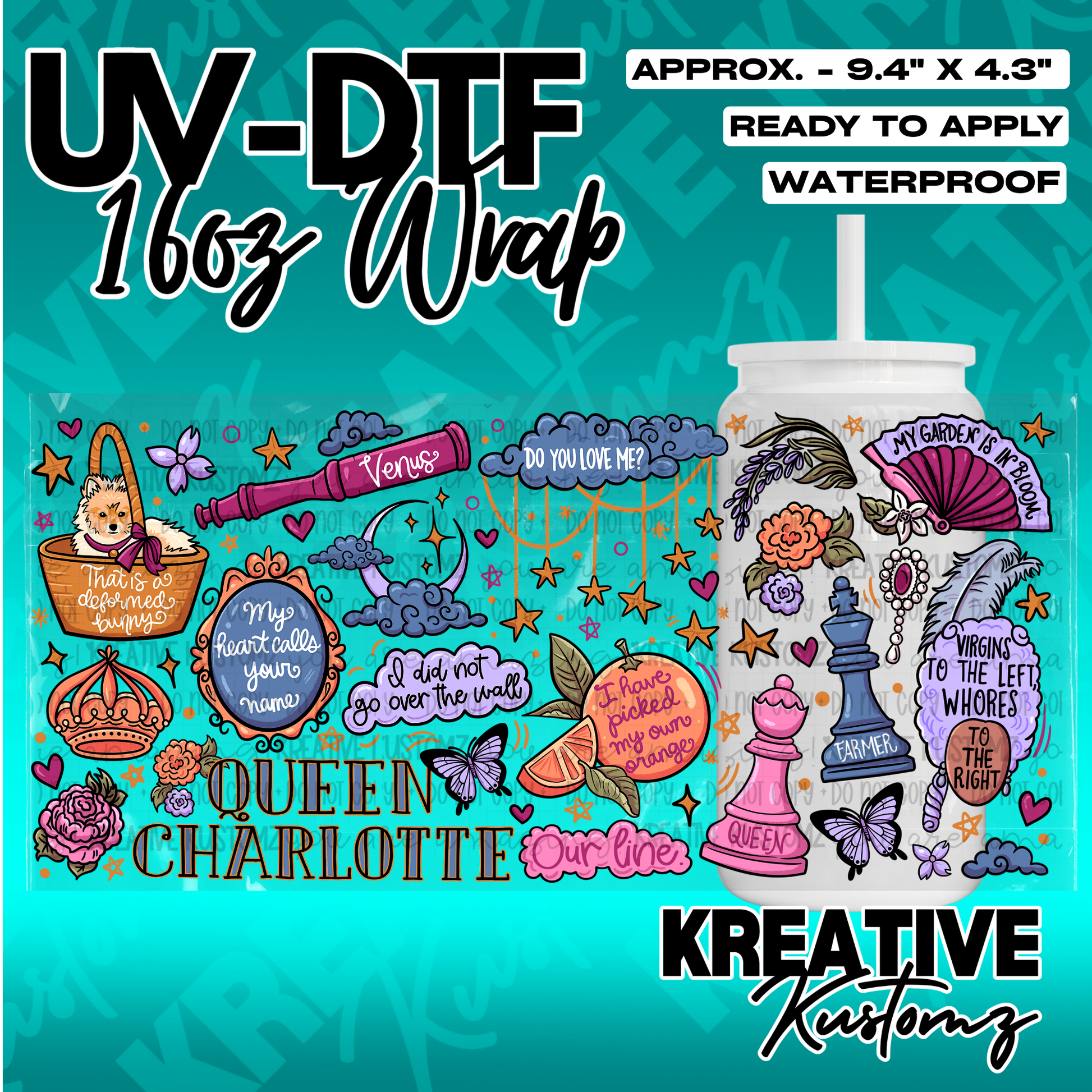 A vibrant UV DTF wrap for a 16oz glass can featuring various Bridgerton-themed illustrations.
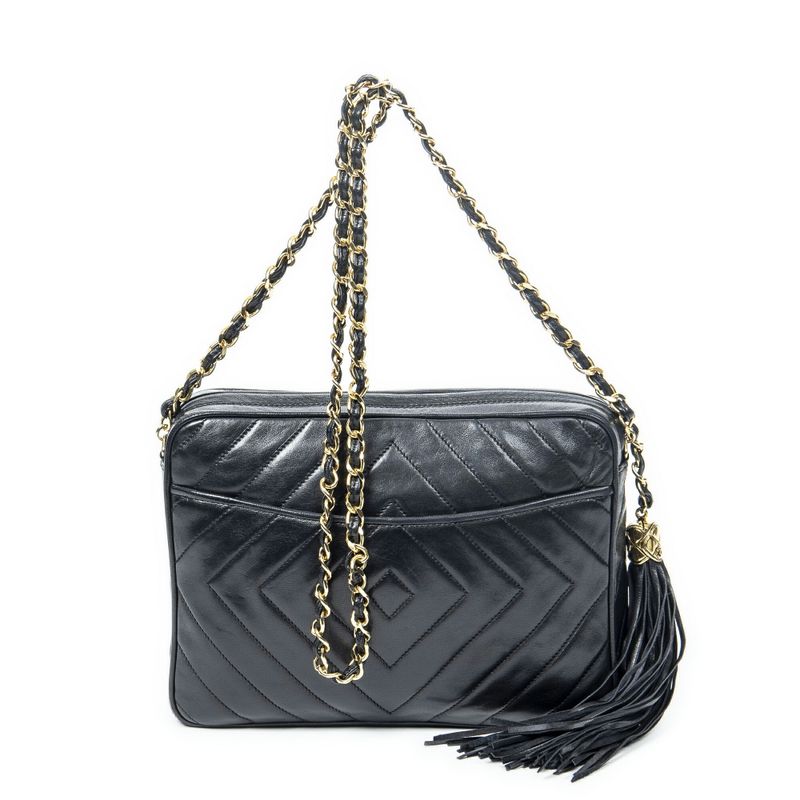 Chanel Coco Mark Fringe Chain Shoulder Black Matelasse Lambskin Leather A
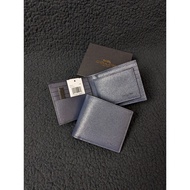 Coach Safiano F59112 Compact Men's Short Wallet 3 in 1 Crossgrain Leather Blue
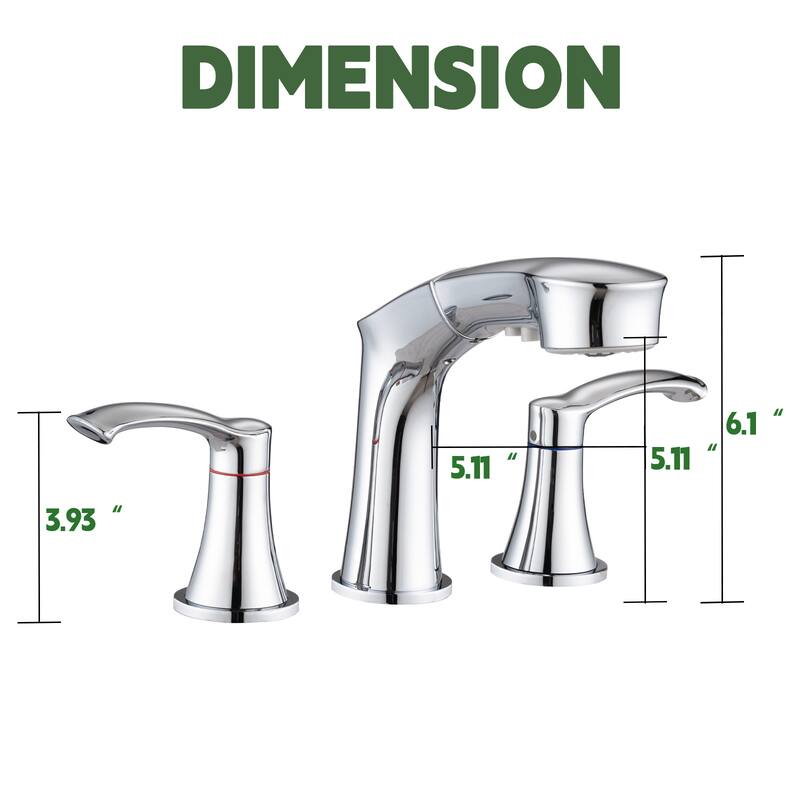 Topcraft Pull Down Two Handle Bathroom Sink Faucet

• **The problem**
In the listing above, transcribe exactly the lines from the line containing "Coach Safiano F59112" through the last one, both included, but not the pictures.

• **Answer below**
 Coach Safiano F59112 Compact Men's Short Wallet 3 in 1 Crossgrain Leather Blue
 Topcraft Pull Down Two Handle Bathroom Sink Faucet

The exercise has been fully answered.